[Available data]
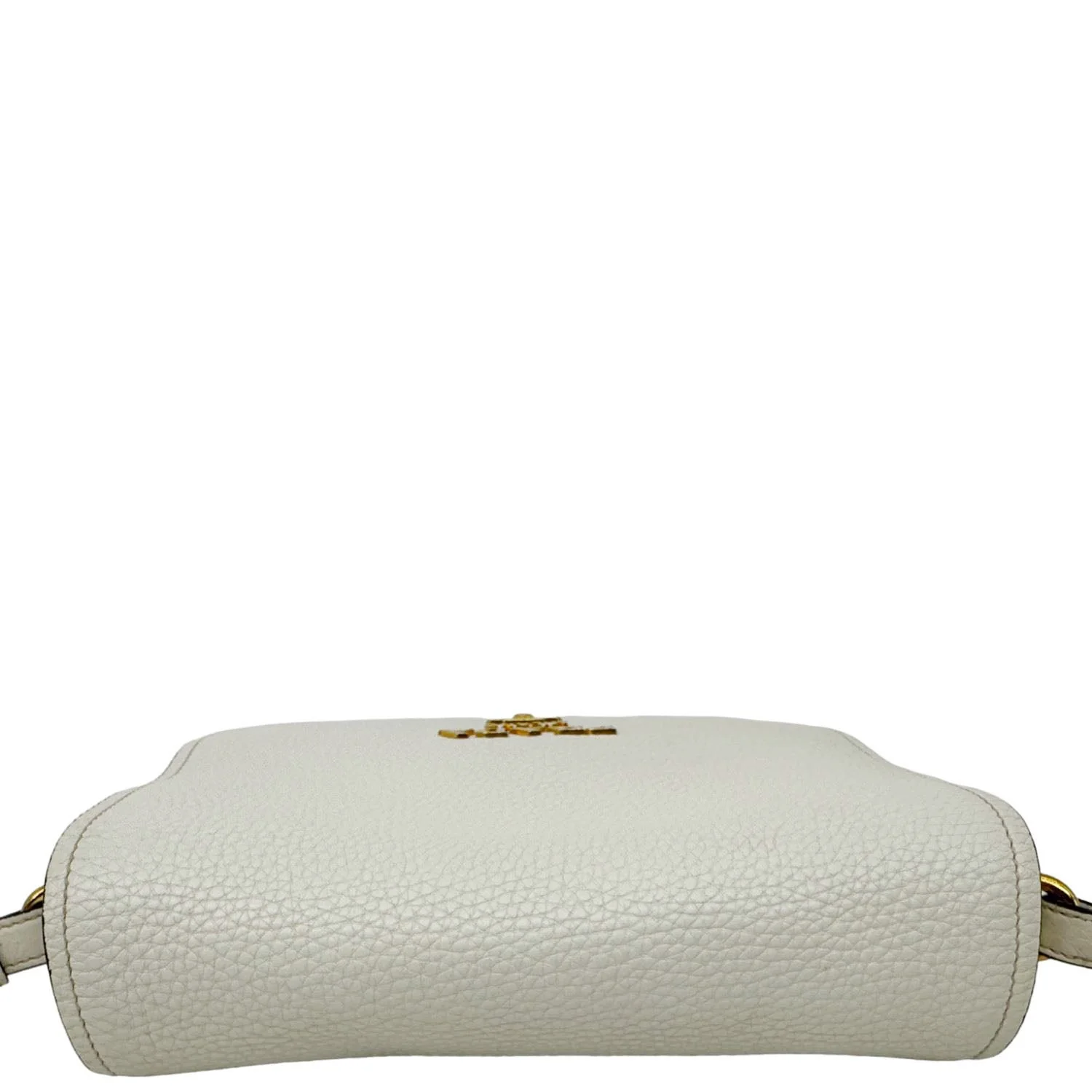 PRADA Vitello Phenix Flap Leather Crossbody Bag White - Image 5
---
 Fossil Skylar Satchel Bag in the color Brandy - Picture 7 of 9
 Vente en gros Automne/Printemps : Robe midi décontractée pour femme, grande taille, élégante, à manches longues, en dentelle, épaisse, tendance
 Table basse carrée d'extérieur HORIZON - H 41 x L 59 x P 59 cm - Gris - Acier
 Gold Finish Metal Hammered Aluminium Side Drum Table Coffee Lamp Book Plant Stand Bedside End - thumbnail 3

[Activity] Output, from the data above, the lines from the line with "Vente en gros" to the line with "Table basse carrée" exactly as they stand, both ends included and nothing else.

[Exercise output]
 Vente en gros Automne/Printemps : Robe midi décontractée pour femme, grande taille, élégante, à manches longues, en dentelle, épaisse, tendance
 Table basse carrée d'extérieur HORIZON - H 41 x L 59 x P 59 cm - Gris - Acier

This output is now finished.